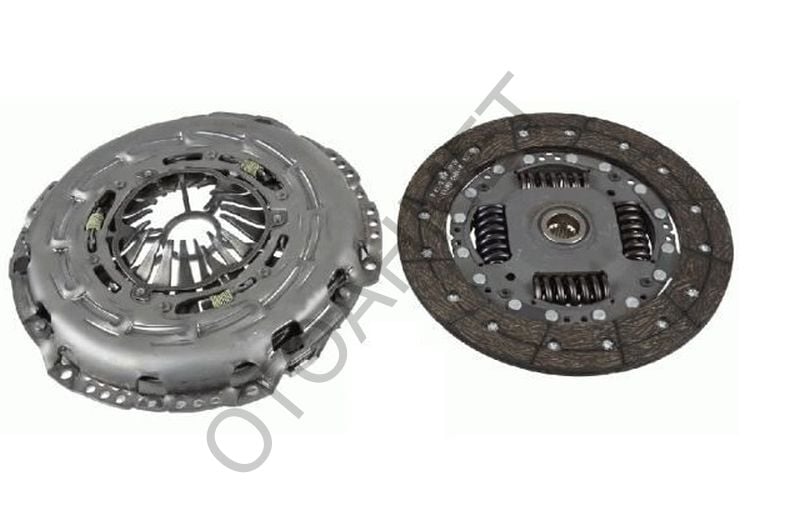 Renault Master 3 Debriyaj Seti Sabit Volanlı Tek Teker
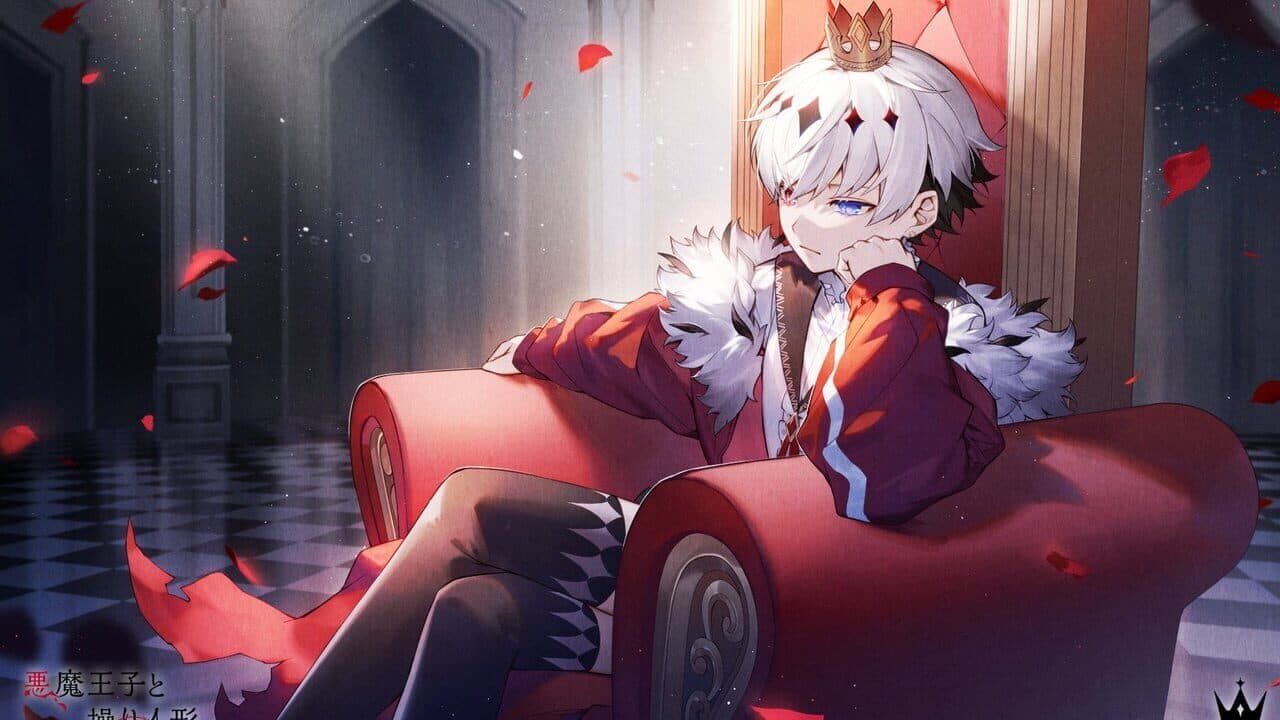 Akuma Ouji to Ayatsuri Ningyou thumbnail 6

...

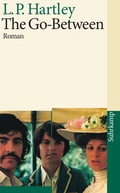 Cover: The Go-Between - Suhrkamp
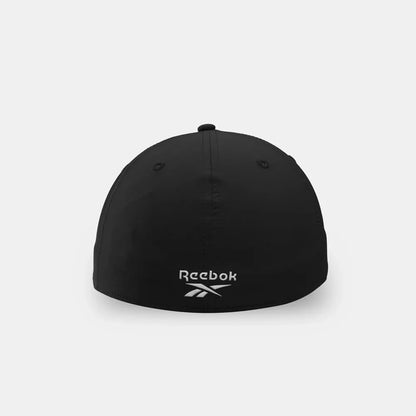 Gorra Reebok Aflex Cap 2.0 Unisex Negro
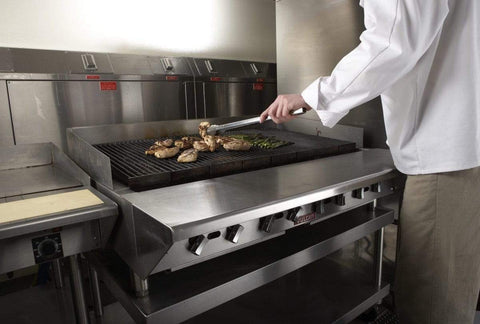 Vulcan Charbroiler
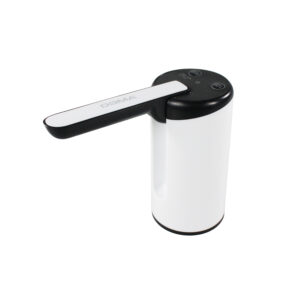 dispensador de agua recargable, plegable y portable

**TRY IT**
For the data above, set down exactly the lines from the line with "Renault Master 3" to the line with "Akuma Ouji to Ayatsuri Ningyou thumbnail 6", both included, leaving pictures out.

**REPLY**
 Renault Master 3 Debriyaj Seti Sabit Volanlı Tek Teker
 Akuma Ouji to Ayatsuri Ningyou thumbnail 6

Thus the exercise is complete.